EXERCISE 3: Run the CUDA Debugger and Inspect Variables

Let’s start the CUDA Debugger and take a look at variables and memory at the breakpoints we set.

Start the Nsight Monitor.
1. On the target machine, click the Windows Start menu.
2. Scroll down the through the installed programs and select: NVIDIA Corporation > Nsight Monitor.
The Nsight Monitor starts. The monitor icon appears in the system tray.
Start the CUDA Debugger. From the Nsight menu in Visual Studio, select Start CUDA Debugging. (Alternately, you can also right-click on the project and choose Start CUDA Debugging.)

The CUDA Debugger starts. Notice that a popup message indicates that a connection has been made. The debugger start the matrixMul application. Execution continues until the debugger encounters the first breakpoint, at which point the debugger pauses execution.

You cannot use F5 to start the CUDA Debugger unless you change the key bindings. The default key binding in Visual Studio for the F5 key is to start the native debugger (CPU debugger). However, once the CUDA Debugger starts, it will respond to the other key bindings that affect run control (such as F11 and F12).
From the Debug menu, choose Windows > Locals. The Locals window opens. The Locals window displays the variables and their values in the current lexical scope. Notice the value of the variable aBegin in the Locals window.
Click the Step Into icon or press F11.

Notice that the value of the variable aBegin changed. The color red indicates that the value changed as a result of the last instruction executed, which in this case was the statement that had the first breakpoint.

Keep in mind that, unlike using the native debugger on CPU code, you cannot change the value in GPU memory by editing the value in the Locals window.
Click the Run icon or press F5.

The CUDA Debugger resumes execution of the matrixMul application, and pauses before executing the instruction on the line of source code at the next breakpoint. Before we continue execution, let’s take a look at the values in memory.

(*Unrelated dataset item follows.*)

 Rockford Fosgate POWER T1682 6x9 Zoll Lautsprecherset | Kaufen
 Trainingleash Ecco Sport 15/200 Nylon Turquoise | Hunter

From the Debug menu, choose Windows > Memory > Memory Window 1. The Memory window opens.
Click and drag a variable from the Locals window onto the Memory window. The memory window displays the values at the address that corresponds to the variable (or pointer).

When viewing memory in __local__, __const__ or __shared__ make sure the Visual Studio Memory view is set to Re-evaluate automatically. This will ensure that the memory shown is for the correct memory space. Without this, the display can change to an address which defaults to global memory.

Note:

You cannot change the value in GPU memory by editing the value in the Memory window.

EXERCISE 4: Run the Memory Checker

The CUDA Memory Checker keeps track of all memory allocations. to ensure that invalid memory locations are not accessed by the target application.

Writing to an out-of-bounds memory location in a CUDA kernel launch causes the GPU to terminate the launch, and places the CUDA context in a permanent error state. This results in all CUDA API functions returning an error code, such as CUDA_ERROR_UNKNOWN. The coding errors that lead to invalid memory access can been difficult to debug without a memory checker.

From the Nsight menu, select Enable CUDA Memory Checker. A checkmark indicates that the Memory Checker is enabled.
Start the CUDA Debugger.
1. Make sure that the Nsight Monitor is running on the target machine (either a remote machine or localhost, depending on your configuration).
2. From Nsight menu, select Start CUDA Debugging. (Or right-click on the project and choose Start CUDA Debugging.)
  
  The CUDA Debugger starts and launches the target application.